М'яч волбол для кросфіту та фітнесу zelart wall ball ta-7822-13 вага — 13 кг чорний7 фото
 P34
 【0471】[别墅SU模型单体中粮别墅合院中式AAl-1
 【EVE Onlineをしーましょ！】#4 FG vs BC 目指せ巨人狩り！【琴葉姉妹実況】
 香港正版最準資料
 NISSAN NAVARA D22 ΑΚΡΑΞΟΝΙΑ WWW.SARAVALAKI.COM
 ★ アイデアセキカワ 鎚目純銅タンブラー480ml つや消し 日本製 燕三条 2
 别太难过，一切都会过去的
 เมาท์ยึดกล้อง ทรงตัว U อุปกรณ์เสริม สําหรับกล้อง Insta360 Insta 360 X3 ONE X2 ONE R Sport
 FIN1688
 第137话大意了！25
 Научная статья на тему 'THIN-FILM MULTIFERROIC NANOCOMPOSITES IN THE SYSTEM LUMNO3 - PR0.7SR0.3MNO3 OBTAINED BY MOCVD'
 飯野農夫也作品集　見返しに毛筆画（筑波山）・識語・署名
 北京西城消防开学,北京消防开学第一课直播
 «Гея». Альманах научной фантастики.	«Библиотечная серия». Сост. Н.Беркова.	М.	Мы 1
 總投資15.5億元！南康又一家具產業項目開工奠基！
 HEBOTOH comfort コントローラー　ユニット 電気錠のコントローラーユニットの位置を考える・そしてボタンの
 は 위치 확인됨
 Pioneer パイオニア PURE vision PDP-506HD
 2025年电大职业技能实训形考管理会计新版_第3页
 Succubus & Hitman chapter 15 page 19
▬▬▬▬▬▬
**ABOUT THIS TASK:** For each line in the data, set it down again exactly.

**SOLUTION:**
М'яч волбол для кросфіту та фітнесу zelart wall ball ta-7822-13 вага — 13 кг чорний7 фото
 P34
 【0471】[别墅SU模型单体中粮别墅合院中式AAl-1
 【EVE Onlineをしーましょ！】#4 FG vs BC 目指せ巨人狩り！【琴葉姉妹実況】
 香港正版最準資料
 NISSAN NAVARA D22 ΑΚΡΑΞΟΝΙΑ WWW.SARAVALAKI.COM
 ★ アイデアセキカワ 鎚目純銅タンブラー480ml つや消し 日本製 燕三条 2
 别太难过，一切都会过去的
 เมาท์ยึดกล้อง ทรงตัว U อุปกรณ์เสริม สําหรับกล้อง Insta360 Insta 360 X3 ONE X2 ONE R Sport
 FIN1688
 第137话大意了！25
 Научная статья на тему 'THIN-FILM MULTIFERROIC NANOCOMPOSITES IN THE SYSTEM LUMNO3 - PR0.7SR0.3MNO3 OBTAINED BY MOCVD'
 飯野農夫也作品集　見返しに毛筆画（筑波山）・識語・署名
 北京西城消防开学,北京消防开学第一课直播
 «Гея». Альманах научной фантастики.	«Библиотечная серия». Сост. Н.Беркова.	М.	Мы 1
 總投資15.5億元！南康又一家具產業項目開工奠基！
 HEBOTOH comfort コントローラー　ユニット 電気錠のコントローラーユニットの位置を考える・そしてボタンの
 は 위치 확인됨
 Pioneer パイオニア PURE vision PDP-506HD
 2025年电大职业技能实训形考管理会计新版_第3页
 Succubus & Hitman chapter 15 page 19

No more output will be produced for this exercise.